Much of clan and tribal common law is focused on crime avoidance. Vendettas are a good example. If one knew that the murder or rape of an individual would generate a cycle of revenge that would last up to a hundred years or longer, one might think twice about taking a provocative action. Likewise, the emphasis on "honor duels" within a common law tradition had the effect of ensuring that society was mostly quite polite.
The US Declaration of Independence is a document often cited as observing natural law. And natural law has been much commented on by a variety of Western philosophers, especially those who espoused Anglican classical liberalism in the 1700s and 1800s. In fact, the Greeks were the first to make a distinction between natural law and "custom" or "convention" which might well depart from it. Aristotle postulated the idea of "natural rights" and has been cited as the "father of natural law." The great Catholic philosopher Thomas Aquinas elaborated on natural law and natural rights as he translated Aristotle from the original Greek.

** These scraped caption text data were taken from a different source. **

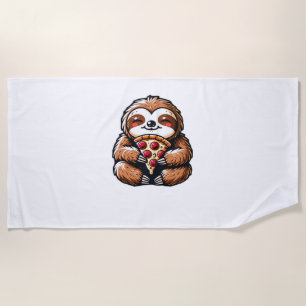 Funny Sloth aß Pizza, Kawaii Animal Lover Clas Strandtuch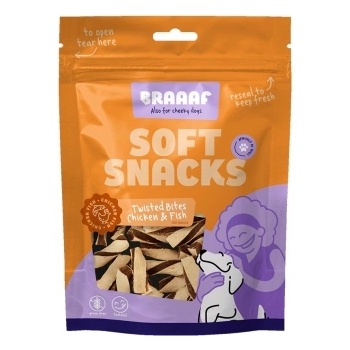 Braaaf - Меки лакомства за кучета, мини спирали с пилешко месо и риба, 85 гр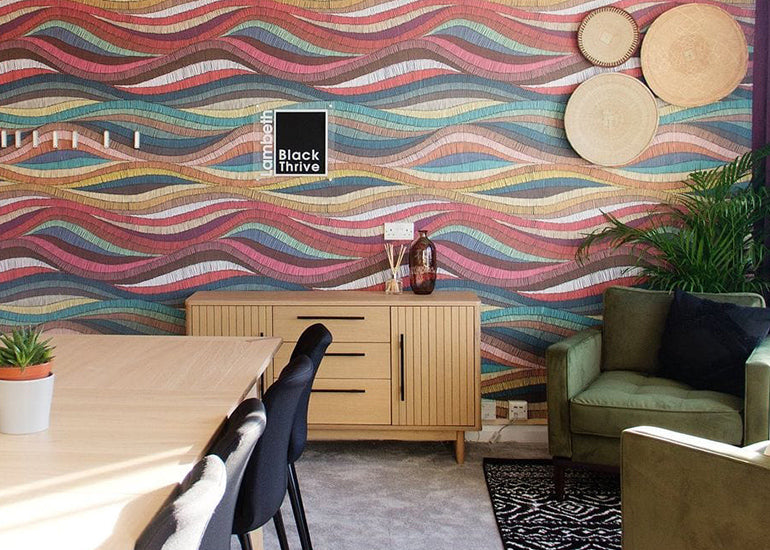 embroidery wave boho wallpaper mural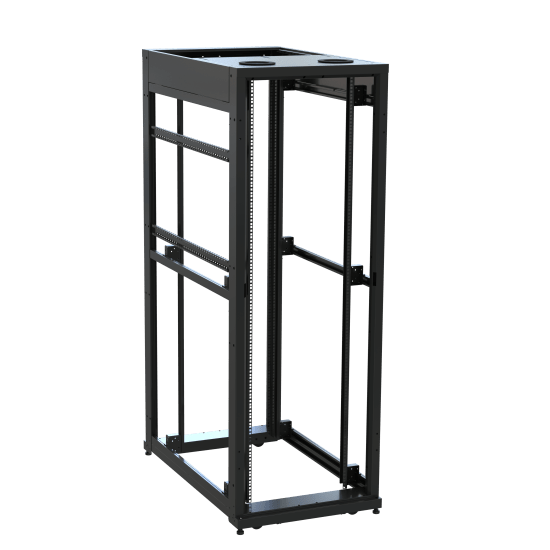 42 RU SNE Series Rack Frame, 48 Inches Deep, 27 Inches Wide with Cage Nut Rackrail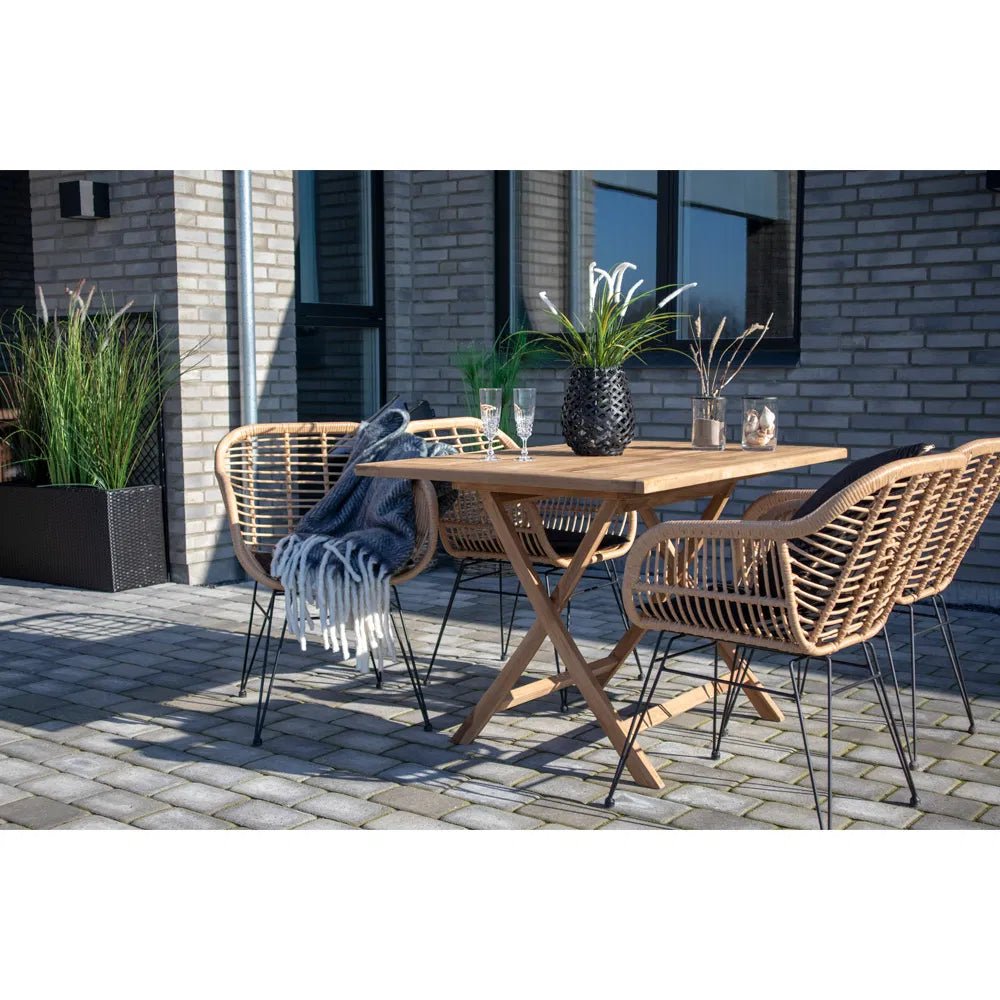 2er Set - Gartenstuhl Firenze Natur aus Stahl/Polyrattan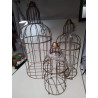 SET DE 3 CAGES DECO DORÉES 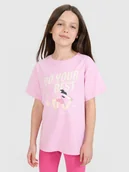 Koszulki dla dziewczynek - 4F T-shirt regular z nadrukiem dziewczęcy - różowy 122 (6-7 lat) - miniaturka - grafika 1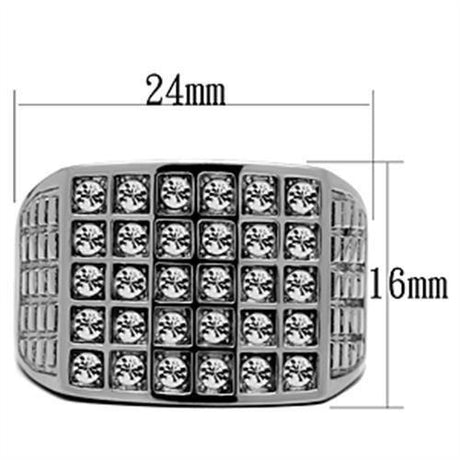 High polished (no plating) Stainless Steel Ring with Top Grade Crystal  in Clear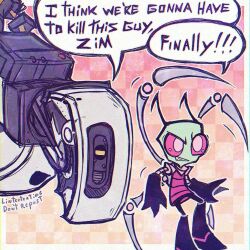 Rule 34 | alien, antennae, arthropod limbs, bald, cartoonized, colored skin, crossover, english text, extra legs, glados, green skin, i think we&#039;re gonna have to kill this guy steven (meme), invader zim, linterteatime, looking at viewer, mechanical legs, meme, no humans, pink eyes, portal, portal (series), portal 2, robot, shirt, smile, toon (style), zim (invader zim)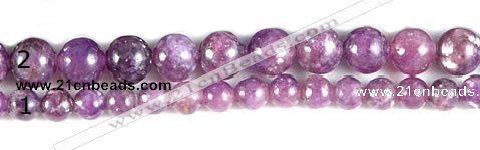 CKU15 15 inches 4mm & 6mm round purple kunzite beads wholesale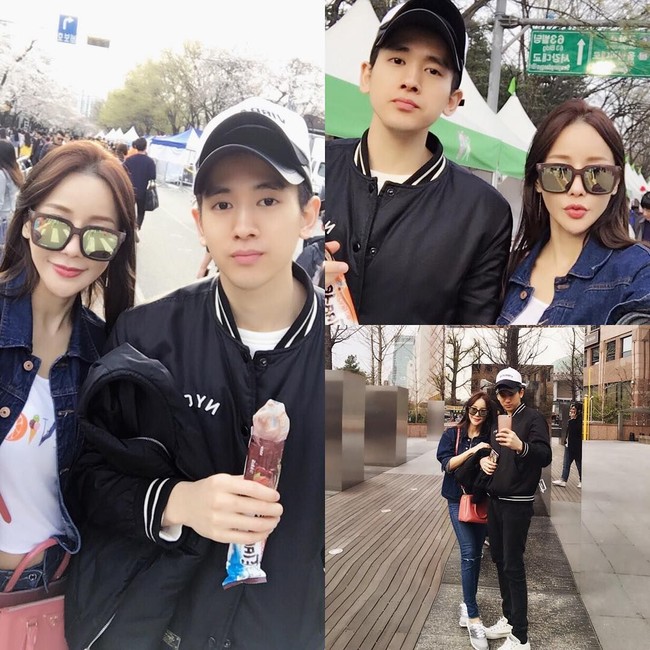 Berbeda 17 tahun dari suaminya, Mina tentu terlihat lebih tua. Mina dan Ryu Phillip pun sering terlihat seperti adik-kakak. Meski begitu, penampilan cantik dan muda Mina bisa mengimbangi Phillip. Foto: Instagram @minakorea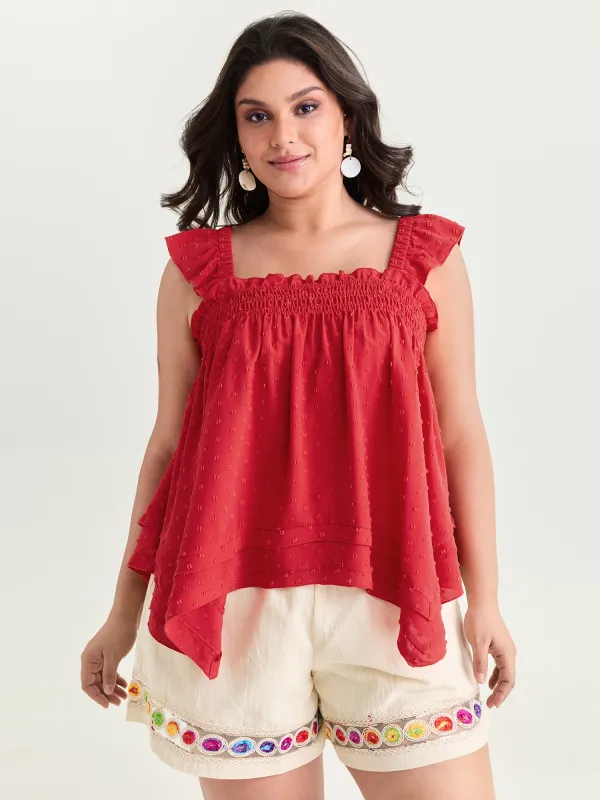 Shirred Neckline Asymmetrical Hem Blouse made by Bloomchic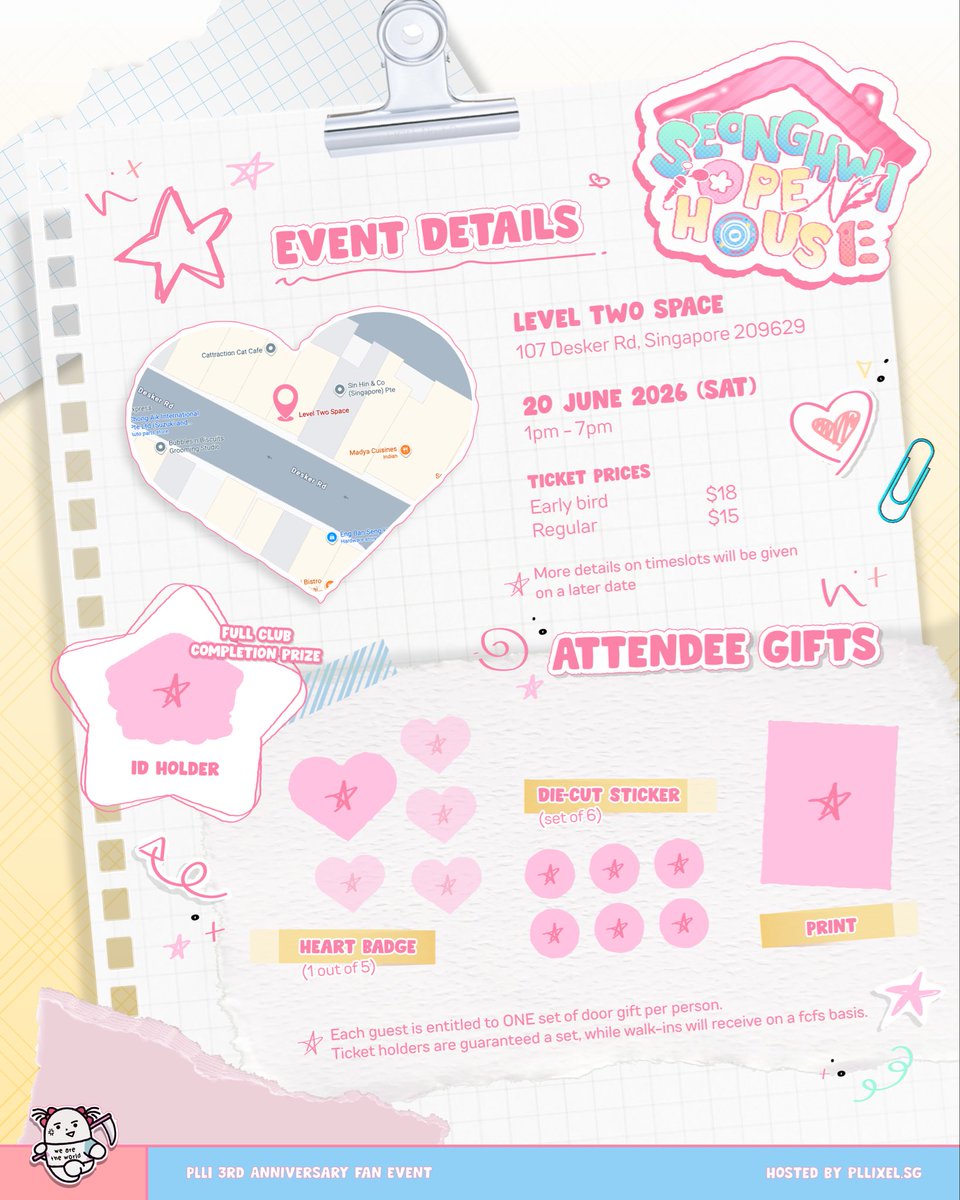 pllixel_sg's tweet photo. ⋆｡‧˚ʚ 𝗘𝘃𝗲𝗻𝘁 𝗗𝗲𝘁𝗮𝗶𝗹𝘀 ɞ˚‧｡⋆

Modern day Western law – both civil and criminal – has departed entirely from the common sense of natural law. As modern law becomes ever more complex and divorced from "natural" human actions, it gradually sinks into disrepute. This is the danger of avoiding or ignoring the reality of natural law. After a point, the old aphorism comes into play: "The law is an ass." This is, of course, dangerous for civil society; the more the law as a body of dictates sinks into disrepute, the easier it is for society to partake of fundamental lawlessness and corruption. This appears to be what's happening now.